The Best Homemade Sourdough Bread

One year ago this month, I embarked upon a journey into the wonderful world of Sourdough. It was almost as if I had a vision that in a few months, the whole world would be making homemade bread while in the 2020 quarantine. There have been many versions of this recipe – at one point, I simply gave up and tossed my starter in the refrigerator for three months.

But alas – I never gave up on creating the kind of Sourdough that I would buy in a Deli.

This is it...


R E C I P E

Gather Your Tools:

  1. You must have an established Sourdough Starter for this recipe. If you would like to learn how to create one, visit my Instagram Account and watch my Starter Highlight.
  2. A medium Bowl
  3. A Dutch Oven or a Pot with lid
  4. Flour (can be any type – I used All Purpose Flour)
  5. Pink Himalayan Sea Salt
  6. Filtered Water
  7. Parchment Paper (not required)
  8. Sharp Knife
  9. Cornmeal (not required)
  10. Wooden Spoon
  11. Proofing Basket (if you have one)
  12. Towel

Ingredients:

1/2 cup of Active Sourdough Starter

2 cups Flour

1 1/4 cup Lukewarm Water

3 cups Flour

1 1/2 teaspoons of Fine Sea Salt



Instructions:

Do this in the evening so that it has a chance to rise for about 12 hours

In a bowl, mix starter & water together

Work in flour & salt with a fork

Cover with a towel for 30 minutes

Carefully fold into a ball

Cover with a damp cloth & allow to rise overnight in a warm spot

After about 12 hours, pull out dough and reshape it into a ball, being very careful not to deflate the sourdough bubbles

Place on a lightly floured flat surface and allow to set up for 15 minutes

Reshape once again & flour it so that it will not stick

If you have a proofing basket, place seam side up, or simply place in a bowl & cover again for 2-3 hours (you want it to double in size, so keep an eye on it)

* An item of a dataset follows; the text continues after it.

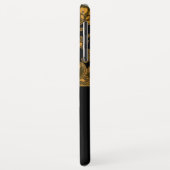 黒モダン色と金ゴールドフローラ |名パーソナライズされた前 Case-Mate iPhoneケース (裏面/左)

Preheat your oven to 450 degrees with Dutch Oven inside to get it nice and hot

If you have Cornmeal, place some in the bottom of your Dutch Oven to keep it from burning

Carefully remove your dough & plop into cookware. If you have it, you can use a square of Parchment Paper

With a sharp knife, slice a few slits into the top (get fancy if you can – a pretty leaf or design can look very festive)

Bake for 20 minutes with the lid on

Remove lid and continue baking for an additional 30 minutes

Check for consistency – you can continue baking until desired color

Your bread should come out with a golden, cracked top and a thick crust

If you bake this bread from scratch, let me know how it turned out! Enjoy!!